Let Go For It℠: Let Go of Everything

Sometimes, you just need to let go of everything. The laundry. The dishes. The dust on the baseboards. The emails and texts and social media posts that need a response. The noise in your brain. Overachieving. Closet cleaning. Validation seeking. Good sense.

I could go on and on and on – and I’m tempted – with the overwhelming list of things that need attention on a daily basis. I mean, I didn’t even get to the maintenance of toilet paper, muscle tone, relationships, dog food, and wayward facial hairs (yes, me Tarzan, you Jane).

Which is why I’m advocating for a break from it all. A day, a week, an hour where you simply let go of everything, so you can find your way back to sanity. To simply thinking and doing nothing else. Or whatever else it is that allows you to turn off the noise and postpone the it-can-wait-and-should tasks of making life happen.

As I see it, there’s no better day to do this than the day after Thanksgiving, when the refrigerator is stuffed with leftovers, so you can easily cross cooking off your manifesto. Run with that and keep going. Let yourself do whatever the hell you want for at least the next 24 hours (unless you’re my husband, in which case you need to finish painting the bathroom… but that’s another post entirely).

That’s precisely what I did. While some wouldn’t be proud to admit what I’m about to, I have no qualms with reporting my activities for that day. I woke up, climbed out of bed (so hard), and engaged in one primary activity: Transferring my prone body from the bed to the sofa, gripping the remote (MINE) as if it were the only thing preventing me from falling off a tall bridge into a deep valley of settled concrete.

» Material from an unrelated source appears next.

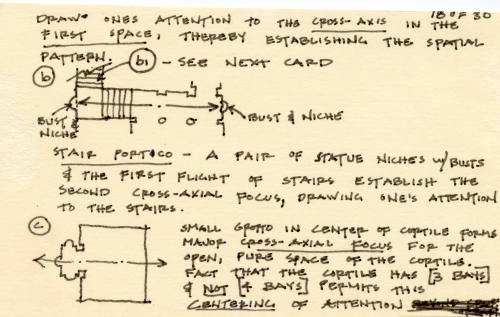 Palazzo Massimo/Peruzzi, Rome, analysis (18)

Once on the sofa, the only effort I exerted was pressing buttons—or rather, just one: The “last” button, so I could toggle between two stations while exerting the least amount of effort: Lifetime Television and Oprah’s OWN. (At one point, my poor husband wanted to check the score of some sporting event, and when he tried to take the remote, I screamed as if I were being dragged into a dark van.) Yup. It was a Dr. Phil marathon during the day, and a long string of Lifetime movies at night. And even though too many of them were about Christmas and not enough about people cheating, lying, stealing children, murdering, enjoying jail, escaping death, or bilking their loved ones out of millions of dollars (so much for the joy of the season), I endured.

Simply because I needed a break. And, if I’m to be totally honest: A little pop rock candy. Since getting a People Magazine, a National Enquirer, and even a bag of Chips Ahoys would have required me to actually bathe, shave, put on underwear, and leave the house, Dr. Phil, A Very Merry Toy Story, and some rice cakes from 2014 had to suffice.

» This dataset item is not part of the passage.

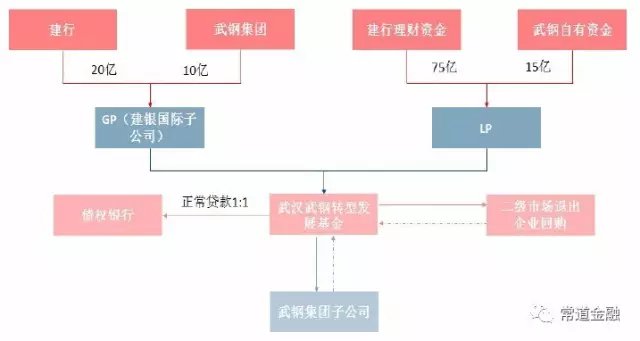 “南银转债”获提前赎回 近期多只可转债下调转股价格,银行债转股热潮来袭?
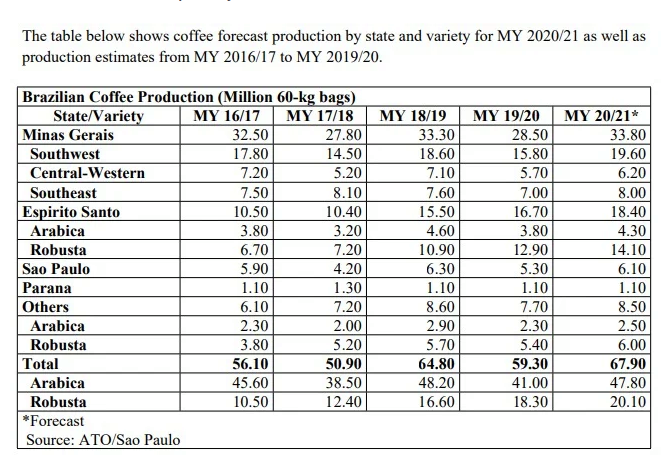 ACEMES - Associação Produtores de Cafés Especiais das Montanhas do ES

Can I just say, even though I’m Jewish, it was glorious? Better than my own wedding—okay, maybe a close second—because let’s face it: Life is fast and hard. And it’s not every day you get the opportunity to drift in and out of sleep, gloriously bloated, drooling out the sides of your lipliner (okay, I did put on a little lipstick so as not to startle my husband into thinking there was a dead woman on his couch).

I mean, if we don’t sometimes stop and do this sort of thing for ourselves, who will? Our bosses? Our social media friends and fans? Our families? The people who insist on emailing and texting us ad nauseum, or even worse, CALLING us (gasp). No, no, we have to create everything-gone moments for ourselves. To let go for it—and, I mean for all of it. What’s the worst that could happen? Nothing. In fact, after 24 hours of watching mindless blither on Friday, I was so creative on Saturday, my fingers on the keyboard could hardly keep up with my brain.

So how about you? When was the last time you let go of everything? If it’s been a while, let go and get on it. That sofa isn’t going to lounge on itself!